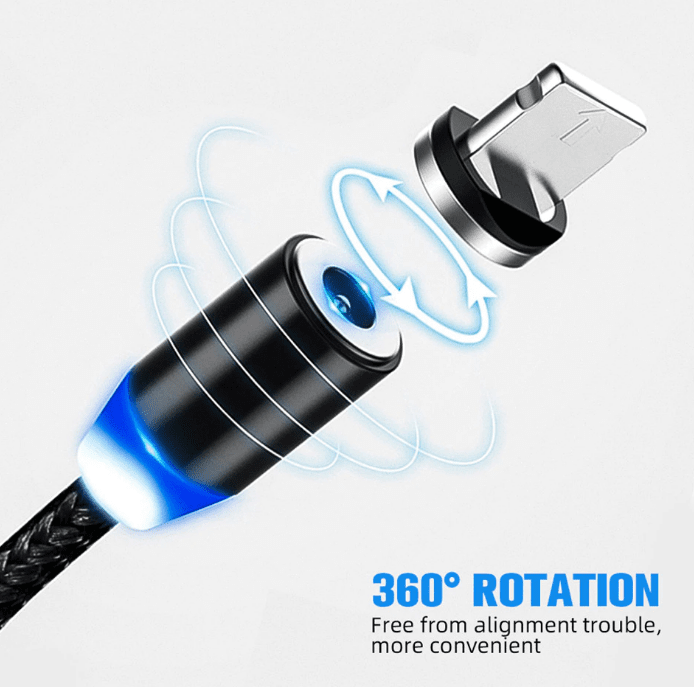 magnetic usb c cable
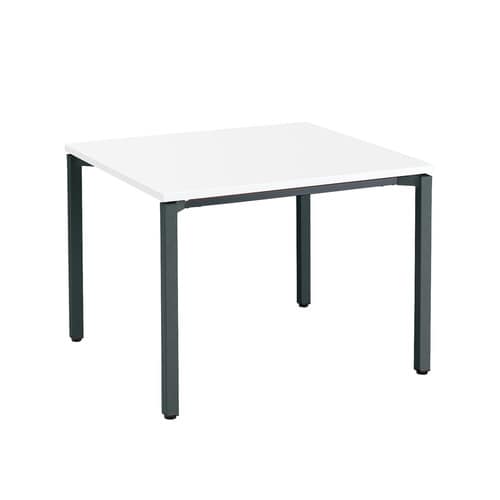 ジュート4本角BK脚アジャスタS角90×90W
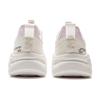 New LiNing SOFT GO 2 Cushioning, Slip Resistant, Abrasion Resistant, Support, Rebound Low Top Casual Shoes Women's Ivory AGLV040-2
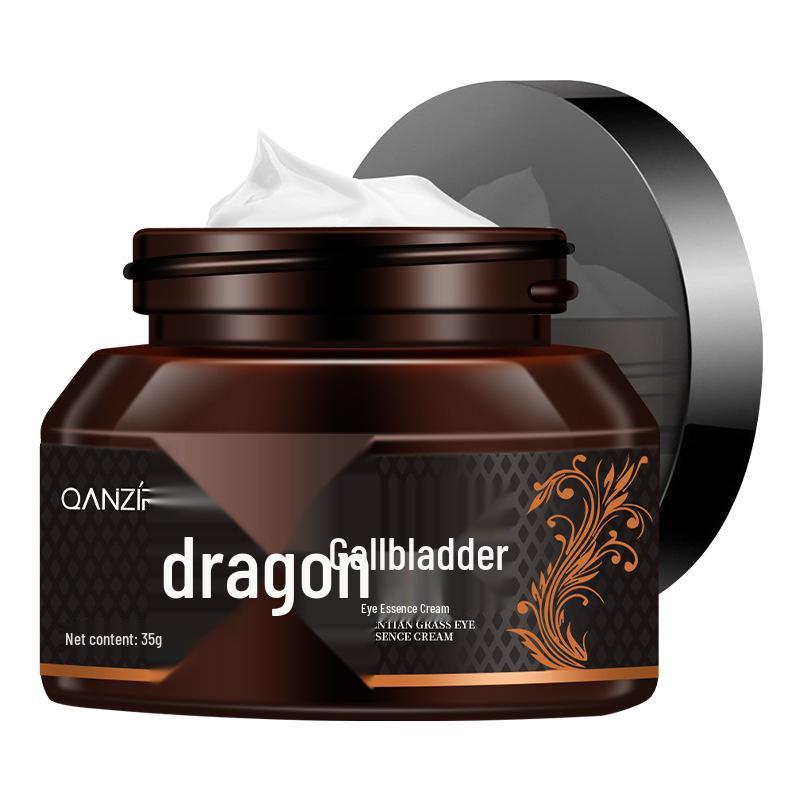 Qianzi Gentian Eye Cream: Hydrating, Moisturizing, and Nourishing Treatment for Wrinkles and Dark Circles.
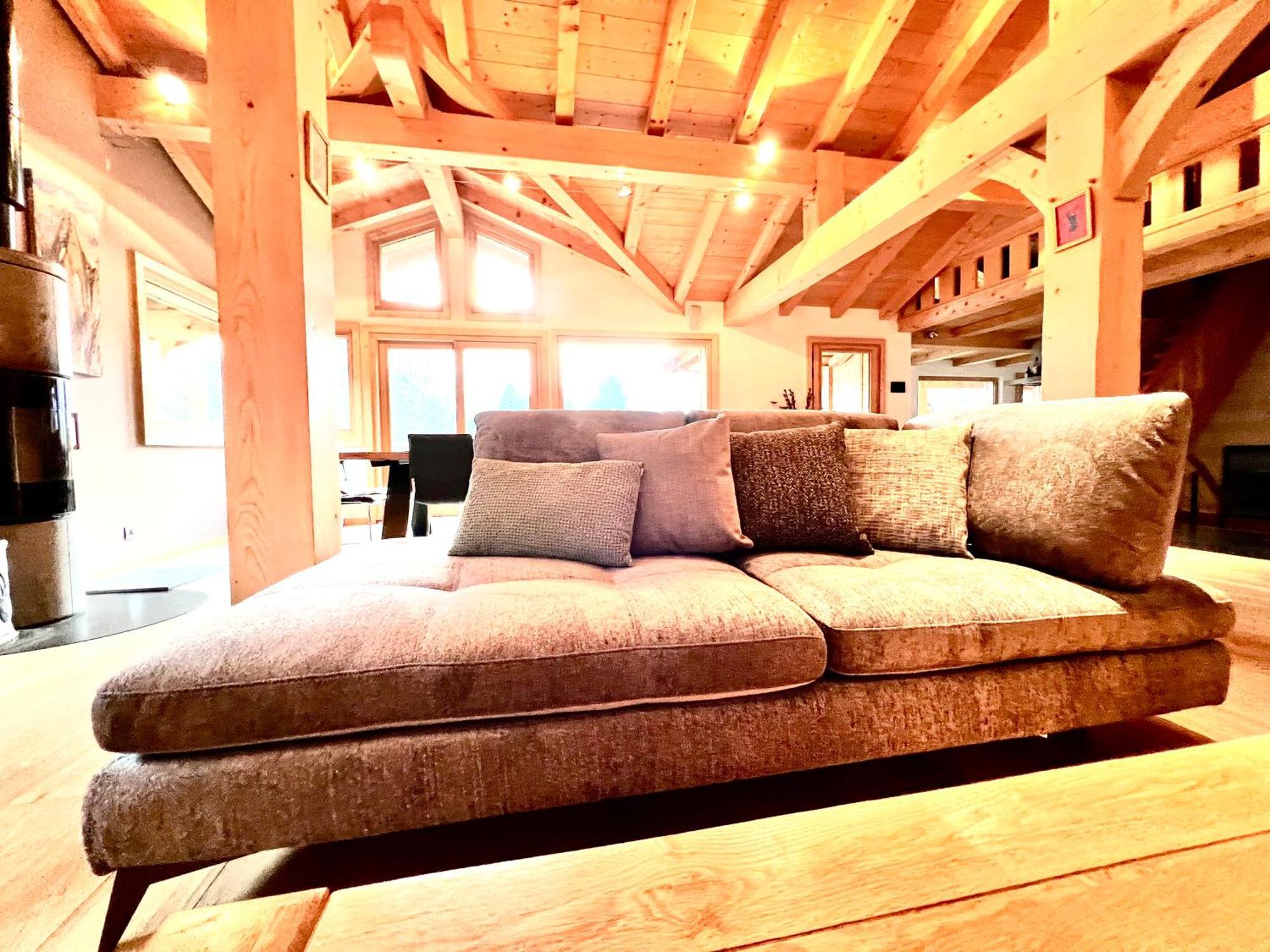 Chalet Isabelle Mountain Lodge 5 Star 5 Bedroom En Suite Sauna Jacuzzi Chamonix Exterior photo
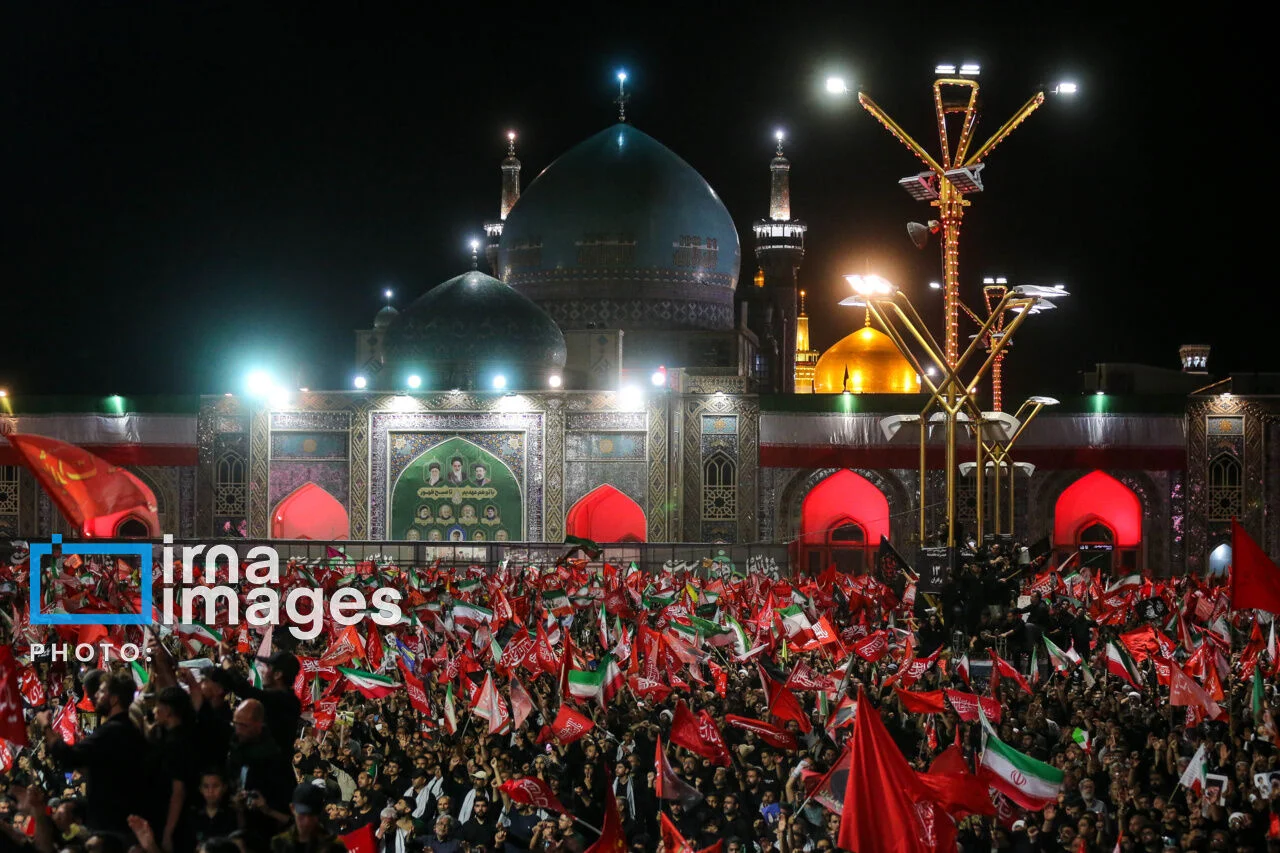 Mashhad Mourns as Ayatollah Khamenei Laid to Rest Amid Rising Tensions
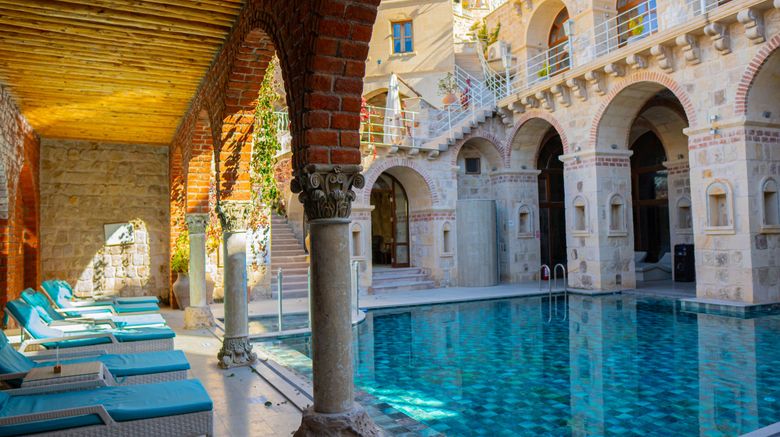 <b>Elika Cave Suites Pool</b>. Images powered by <a href="https://www.leonardoworldwide.com/" title="Leonardo Worldwide" target="_blank">Leonardo</a>.
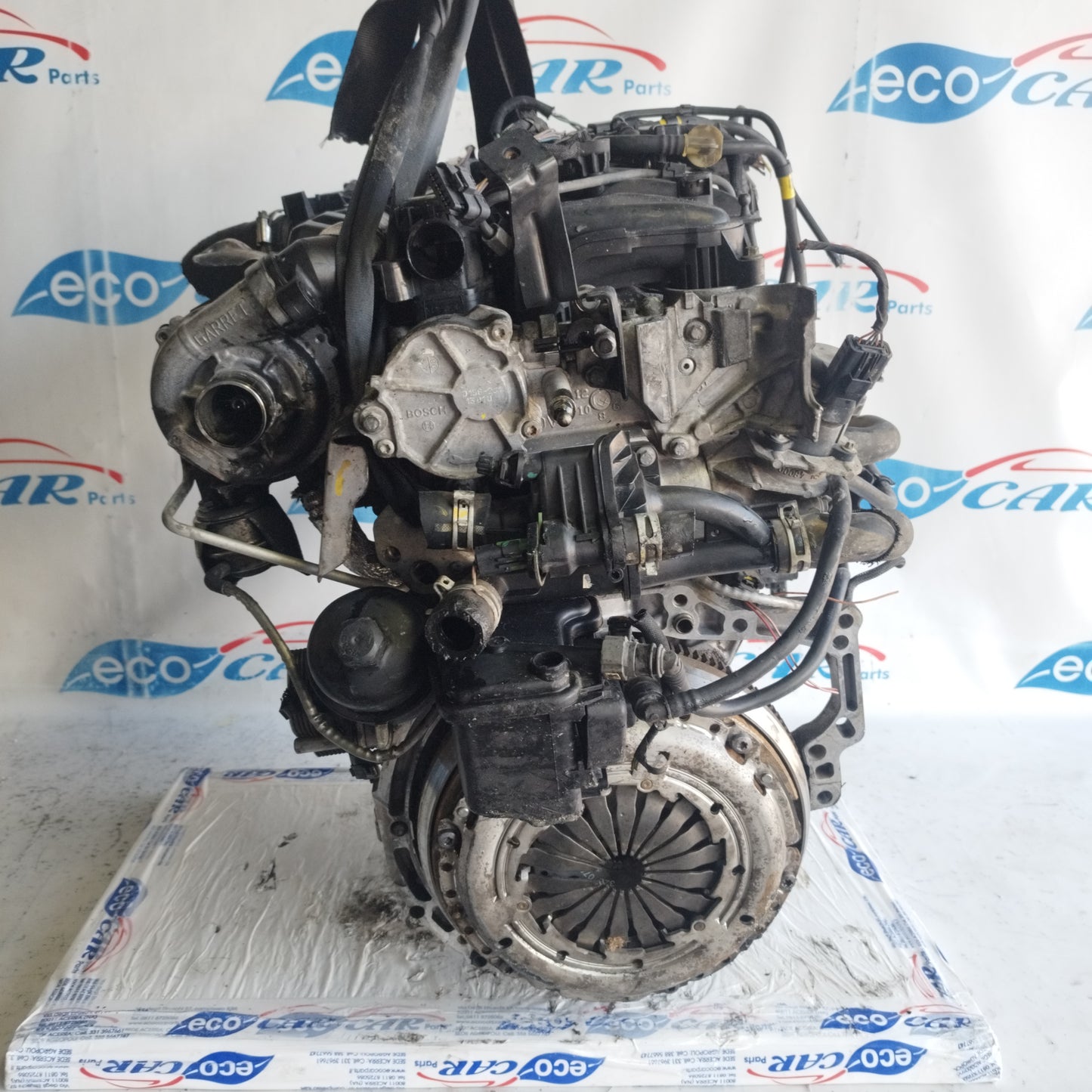 Motore Peugeot 308 / 207 1.6 hdi 16v 110cv 2012 cod: 9H01 ecoAC8910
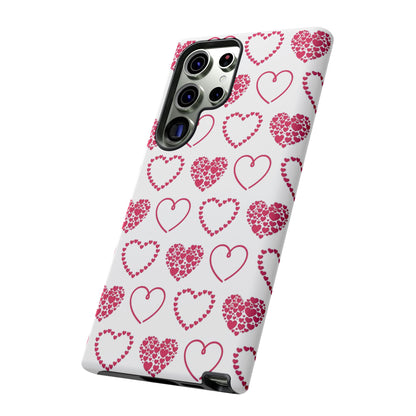 Heart Cluster Love Samsung Galaxy Case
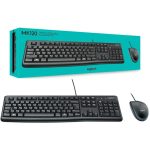 Kit Logitech Mk120 (Teclado+Mouse) Kit Logitech Mk120 (Teclado+Mouse)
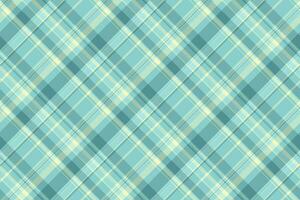 Seamless tartan background of check textile plaid with a texture fabric pattern vector. vector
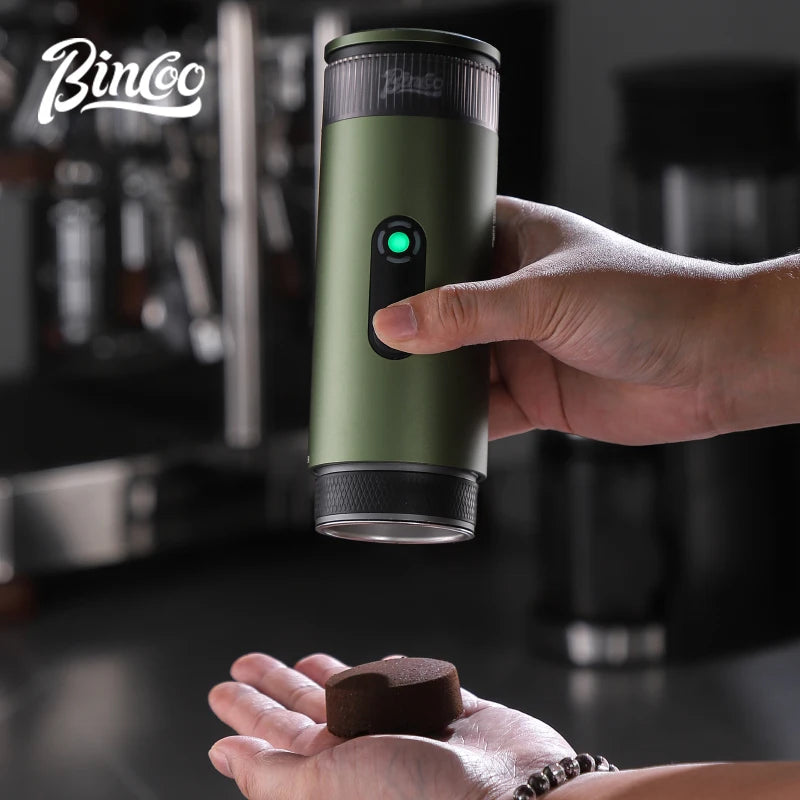 Bincoo Camping Portable Coffee Machine – Electric Wireless Heating for Coffee Lovers image 3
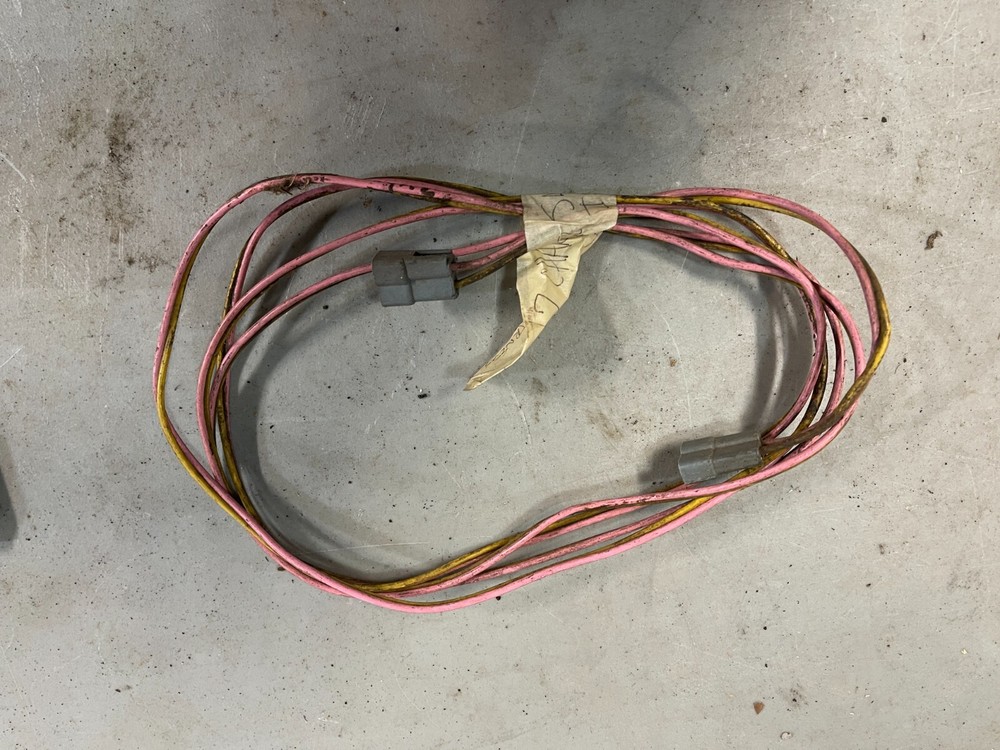 1966 1967 dodge charger interior light panel wiring harness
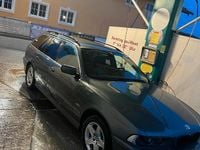 Gebraucht BMW 520 170 PS (125 kW) 2002 Grau Kombi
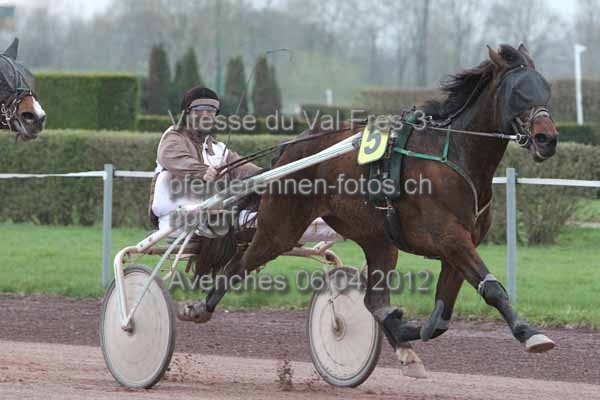 Vitesse du Val Fres 3 prot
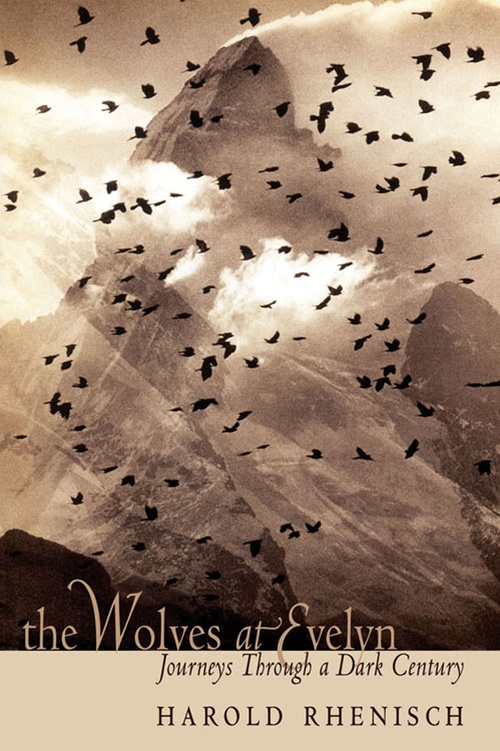 ebook cover of The Wolves at Evelyn, by Harold Rhenisch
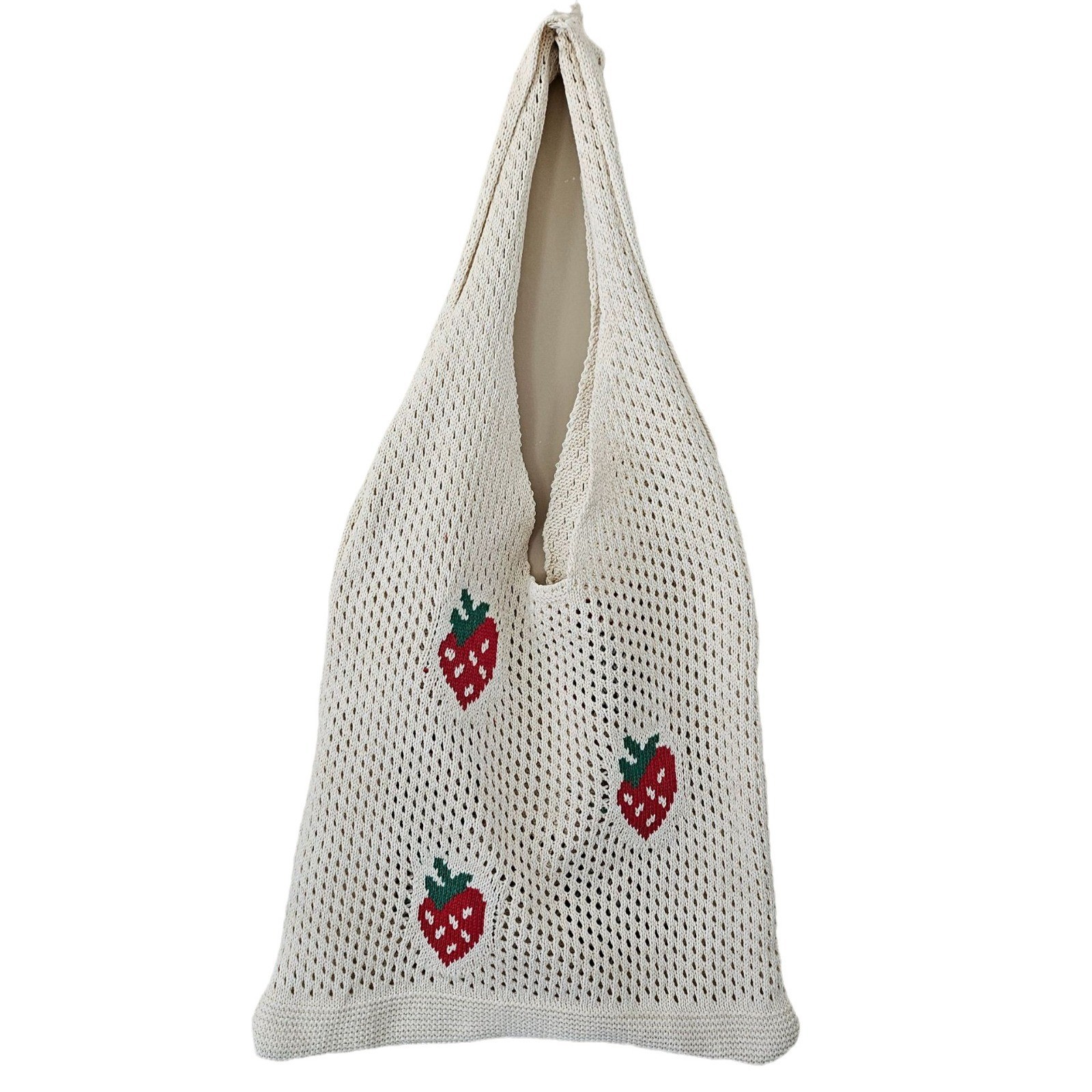 Casava Strawberry Tote Bag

- _Try it_
Write the material out again exactly as it appears, dropping the pictures.

- _Reply_
 magnetic usb c cable
 ジュート4本角BK脚アジャスタS角90×90W
 New LiNing SOFT GO 2 Cushioning, Slip Resistant, Abrasion Resistant, Support, Rebound Low Top Casual Shoes Women's Ivory AGLV040-2
 Qianzi Gentian Eye Cream: Hydrating, Moisturizing, and Nourishing Treatment for Wrinkles and Dark Circles.
 Chalet Isabelle Mountain Lodge 5 Star 5 Bedroom En Suite Sauna Jacuzzi Chamonix Exterior photo
 Mashhad Mourns as Ayatollah Khamenei Laid to Rest Amid Rising Tensions
 <b>Elika Cave Suites Pool</b>. Images powered by <a href="https://www.leonardoworldwide.com/" title="Leonardo Worldwide" target="_blank">Leonardo</a>.
 Motore Peugeot 308 / 207 1.6 hdi 16v 110cv 2012 cod: 9H01 ecoAC8910
 Heart Cluster Love Samsung Galaxy Case
 Kit Logitech Mk120 (Teclado+Mouse) Kit Logitech Mk120 (Teclado+Mouse)
 Seamless tartan background of check textile plaid with a texture fabric pattern vector. vector
 Bincoo Camping Portable Coffee Machine – Electric Wireless Heating for Coffee Lovers image 3
 1966 1967 dodge charger interior light panel wiring harness
 Gebraucht BMW 520 170 PS (125 kW) 2002 Grau Kombi
 Vitesse du Val Fres 3 prot
 ebook cover of The Wolves at Evelyn, by Harold Rhenisch
 Casava Strawberry Tote Bag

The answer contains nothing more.